John McCain proposed an overhaul of the nation's health care system Thursday, aiming to give people more control, encourage greater competition and lower costs.

John McCain proposed an overhaul of the nation's health care system Thursday, aiming to give people more control, encourage greater competition and lower costs.

The Republican presidential candidate's plan contrasts sharply with his Democratic rivals' proposals.

He focuses on expanding access for individuals and families but would not require people to carry health insurance. To varying degrees, Democrats want to make health coverage mandatory.

''The solution, my friends, isn't a one-size-fits-all, big-government takeover of health care,'' he told the Rotary Club of Des Moines. ''It resides where every important social advance has always resided -- with the American people themselves, with well-informed American families making practical decisions to address their imperatives for better health and more secure prosperity.''

He said of the Democrats, ''They promise universal coverage, whatever its cost, and the massive tax increases, mandates, and government regulation that it imposes.''

His proposal emphasizes payment only for quality medical care, and he challenges doctors to do a better job managing care, hospitals to operate more efficiently, pharmaceutical companies to come up with better drugs, and insurance companies to spend more on treatment and less on administrative costs.

McCain added that Americans must work to protect their own health and the health of their children, doing ''everything we can to prevent expensive chronic disease.''

His plan calls for:

- Allowing people to buy health insurance nationwide instead of limiting them to in-state companies, and permitting people to buy insurance through any organization or association they choose as well as through their employers or directly from an insurance company.

-Providing tax credits of $2,500 to individuals and $5,000 to families as an incentive to help them buy insurance. All people would get the tax credit, even if they get insurance through work or buy it on their own.

- Supporting different methods of delivering care, including walk-in clinics in retail outlets across the country and developing routes for cheaper generic versions of drugs to enter the U.S. market, including allowing for safe importation of drugs.

Aides acknowledged the plan would take time to implement because of its scope. They billed it as a vision for change he would work toward if elected.

''We don't know the cost,'' McCain said. ''We expect there to be dramatic reductions in costs.'' He said economic models including choice-in-competition always show savings.

Aides said to help pay for the overhaul McCain would end a provision in the tax code that lets employers deduct the cost of health care from their taxable earnings. Additionally, they said, passing lawsuit limits to eliminate frivolous lawsuits and excessive damage awards would help reduce costs.
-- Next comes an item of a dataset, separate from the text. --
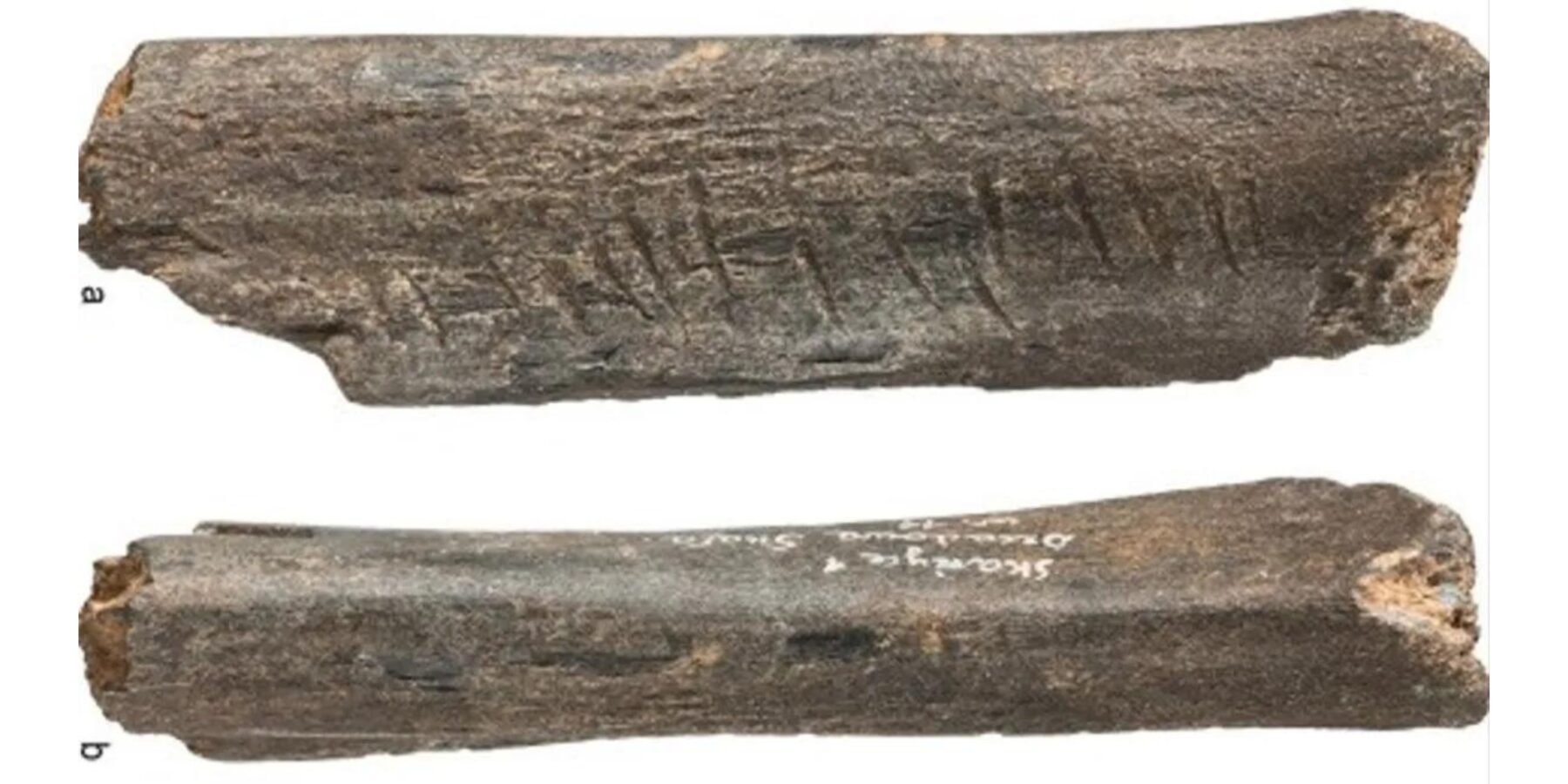 У Польщі знайшли гравіровану кістку ведмедя віком понад 100 тисяч років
''He's going a couple steps down the right path, difficult steps, and I applaud him, but he's not quite gotten there,'' said Laurence Kotlikoff, an economics professor at Boston University who has consulted with both Republicans and Democrats on health care policy.

Kotlikoff said the amount of the tax credit should be tailored to each individual based on that person's personal health circumstances.

''I give him a B or B-plus on this'' _ better than the grades he said he would give to McCain's GOP rivals.

Mitt Romney wants the government to help states lower premiums by deregulating their insurance industries. He has distanced himself from a 2006 law he signed as Massachusetts governor that requires all residents to get coverage. He says states should be free to craft the specifics of their own programs.

Rudy Giuliani, the former New York mayor, proposes an income tax deduction of $7,500 per taxpayer to defray insurance costs and a tax credit for poorer workers to supplement Medicaid and employer contributions as part of ''market-driven'' expansion of affordable coverage.

Fred Thompson, the former Tennessee senator, has not offered a plan.

Among Democrats, front-runner Hillary Rodham Clinton has proposed universal health care and called for a requirement for businesses to obtain insurance for employees. Former North Carolina Sen. John Edwards is seeking to achieve mandatory universal coverage by 2012, while Illinois Sen. Barack Obama is pushing for employers to share costs of insuring workers and ensure that all children are covered. (AP)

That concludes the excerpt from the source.